61. A host cell which comprises a nucleic acid construct according to claim 42.

62. A pharmaceutical composition comprising a nucleic acid construct according to claim 42 together with a pharmaceutically acceptable carrier, excipient or diluent.

63. A method of treating or preventing a disease characterized by progranulin (PGRN) deficiency in a patient in need thereof, said method comprising administering to the patient a therapeutically effective amount of a nucleic acid construct as defined in claim 42.

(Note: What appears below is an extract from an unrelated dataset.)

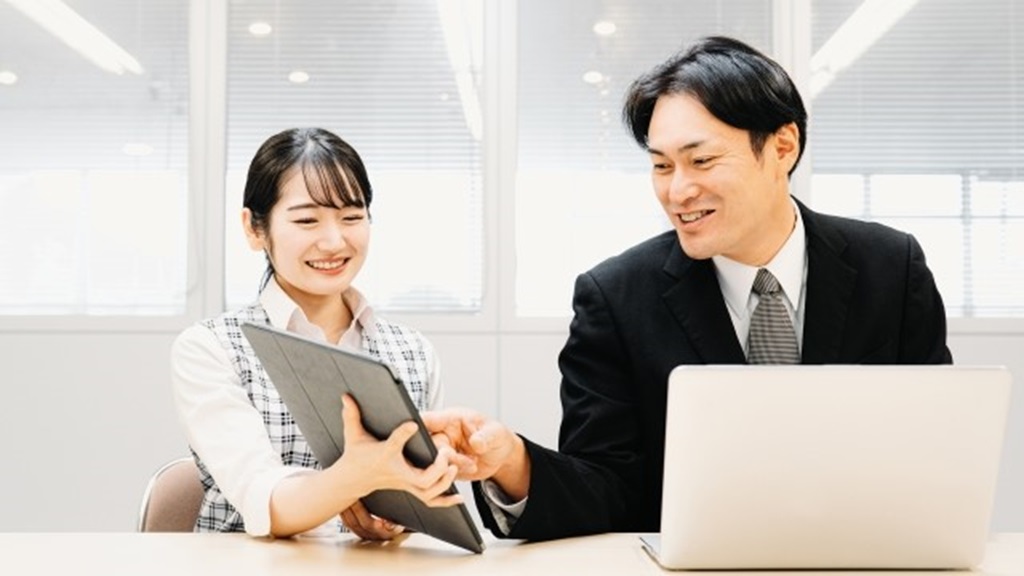 面接結果を共有する採用担当者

64. The method of claim 63, wherein:

the disease characterized by PGRN deficiency is a disease of the central nervous system;

the disease characterized by PGRN deficiency is characterized by a deficiency of PGRN in the neurons and/or the astrocytes of the patient;

the patient has a loss of function mutation in at least one allele of their GRN gene; and/or

the patient has a loss of function mutation in both alleles of their GRN gene.

65. The method of claim 63, wherein the disease characterized by PGRN deficiency is frontotemporal dementia (FTD) or neuronal ceroid lipofuscinosis type 11 (NCL11).

66. The method of claim 63, wherein the nucleic acid construct is administered to the patient by delivery to the brain and/or the cerebrospinal fluid (CSF) of the patient.